The execution rule: forward through T1…Tn; on failure at Tk, run compensations Ck-1…C1 in reverse. Compensations are semantic undos, not rollbacks — a refund is a new financial event, not the erasure of a charge. Some actions need no compensation (a reservation that expires); some can't be compensated at all (an email sent, cash dispensed) — order those last, or convert them into cancellable two-step actions (reserve → confirm).


Choreography: Events Without a Coordinator

Each service subscribes to the previous step's event and emits its own. There is no central brain — the saga is the event flow.

python
# Inventory service: forward step and compensation are just event handlers
@handles("OrderCreated")
def reserve(event, tx):
    tx.execute("UPDATE stock SET reserved = reserved + %s WHERE sku = %s AND available >= %s",
               event.qty, event.sku, event.qty)
    outbox.emit(tx, "InventoryReserved", order_id=event.order_id)   # outbox: state + event atomically

@handles("PaymentFailed")
def compensate(event, tx):
    tx.execute("UPDATE stock SET reserved = reserved - %s WHERE sku = %s",
               event.qty, event.sku)
    outbox.emit(tx, "InventoryReleased", order_id=event.order_id)

Every step must update local state and emit its event atomically — that is exactly the Outbox Pattern, and a saga without it will eventually lose or invent steps. Consumers must be idempotent, because delivery is at-least-once (Delivery Guarantees).

Choreography's strength is decoupling; its weakness is that nobody can answer "where is order 4711 and what happens next?" without mentally simulating the event graph. Cyclic subscriptions creep in; adding a step means touching multiple services. Past roughly three steps or any branching, the implicit state machine wants to be explicit.

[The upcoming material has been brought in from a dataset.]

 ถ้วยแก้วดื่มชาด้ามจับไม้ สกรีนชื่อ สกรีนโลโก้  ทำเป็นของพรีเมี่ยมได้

Orchestration: An Explicit State Machine

A coordinator (one of the services, or a dedicated one) sends commands, awaits replies, and owns the saga's state:

python
class OrderSaga:
    """Explicit state machine; state persisted on every transition."""

    STEPS = [
        Step(cmd=ReserveInventory, compensation=ReleaseInventory),
        Step(cmd=ChargePayment,    compensation=RefundPayment),
        Step(cmd=BookShipment,     compensation=CancelShipment),
        Step(cmd=ConfirmOrder,     compensation=None),  # pivot: no undo past here
    ]

    def on_reply(self, saga_state, reply):
        if reply.ok:
            saga_state.completed.append(reply.step)
            return self.next_command(saga_state)
        # failure → run completed steps' compensations in reverse
        return [s.compensation(saga_state) for s in reversed(saga_state.completed)
                if s.compensation]
ChoreographyOrchestration
CouplingServices know event contracts onlyServices know the orchestrator's commands
VisibilityReconstructed from logsOne row/record tells you the state
Adding a stepEdit several servicesEdit the orchestrator
Failure handlingDistributed across handlersCentralized, testable
RiskImplicit spaghetti state machineOrchestrator grows god-object tendencies
Fits2–3 linear steps, stable flowBranching, timeouts, SLAs, audits

Keep the orchestrator a coordinator, not a doer: it decides sequencing; business logic stays in the services.

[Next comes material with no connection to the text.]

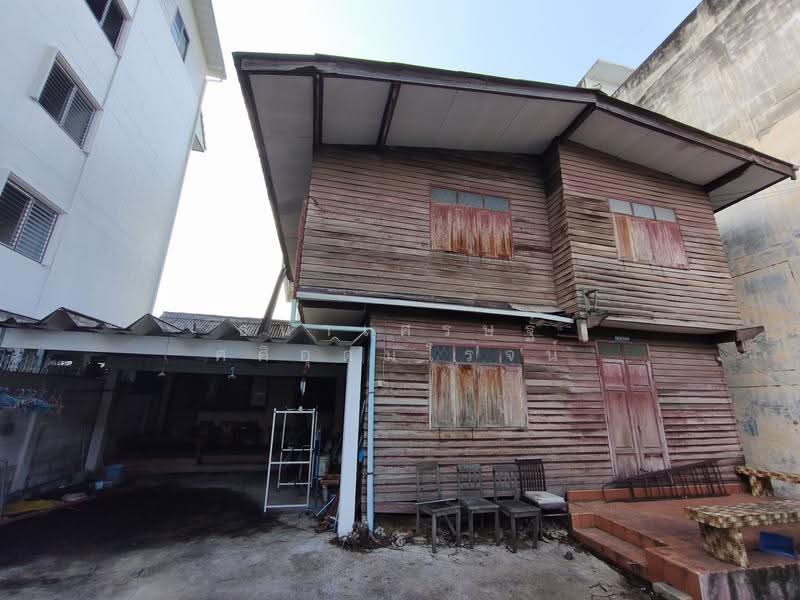 ขาย บ้านพร้อมสิ่งปลูกสร้างบ้านไม้ 2 ชั้น 54 ตร.วา ซอย จรัญสนิทวงศ์ 1 ทำเลดีใกล้ MRT ท่าพระ 650 เมตร, กรุงเทพ, วัดท่าพระ, บางกอกใหญ่, กรุงเทพ, 432 ตร.ม., บ้านเดี่ยว ขาย, โดย ธนาเศรษฐ์ ศศิอุดมโรจน์, 500625270 - DDproperty.com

The Missing "I": Saga Isolation

Sagas expose intermediate states — the reservation exists before payment clears, and a concurrent saga can observe or interfere. Garcia-Molina's original paper assumed semantically independent steps; real systems need countermeasures:

  • Semantic lock: mark records PENDING while a saga owns them; other sagas treat pending as busy (retry or reroute). This is an application-level lock — keep it short and expiry-guarded (Distributed Locks).
  • Commutative updates: design steps as += / -= deltas rather than absolute writes, so interleaving order stops mattering.
  • Pessimistic ordering: put the riskiest, most-likely-to-fail step first (validate + charge before reserving scarce inventory), shrinking the window in which compensations are visible.
  • Reread before the pivot: the step after which there is no undo (the pivot transaction) revalidates critical assumptions ("price unchanged, items still reserved") before committing.
  • Version counters / fencing on the records a saga touches, so a stale saga's late write is rejected rather than applied.

If two sagas updating the same record concurrently would corrupt it and none of these fit, that workflow may genuinely need a single-writer design or a real transaction inside one service boundary — redrawing the boundary is sometimes the honest fix.


Durable Execution: Sagas as Ordinary Code

Hand-rolled orchestrators all converge on the same infrastructure: persist state per transition, recover after crashes, retry with backoff, handle timers, version the workflow logic. Durable execution engines (Temporal, and the pattern behind AWS Step Functions, Restate, Azure Durable Functions) provide that substrate and let you write the saga as straight-line code:

python
@workflow.defn
class OrderWorkflow:
    @workflow.run
    async def run(self, order: Order) -> str:
        compensations = []
        try:
            await workflow.execute_activity(reserve_inventory, order,
                start_to_close_timeout=timedelta(seconds=30),
                retry_policy=RetryPolicy(maximum_attempts=5, backoff_coefficient=2.0))
            compensations.append(release_inventory)

            await workflow.execute_activity(charge_payment, order,
                start_to_close_timeout=timedelta(seconds=30))
            compensations.append(refund_payment)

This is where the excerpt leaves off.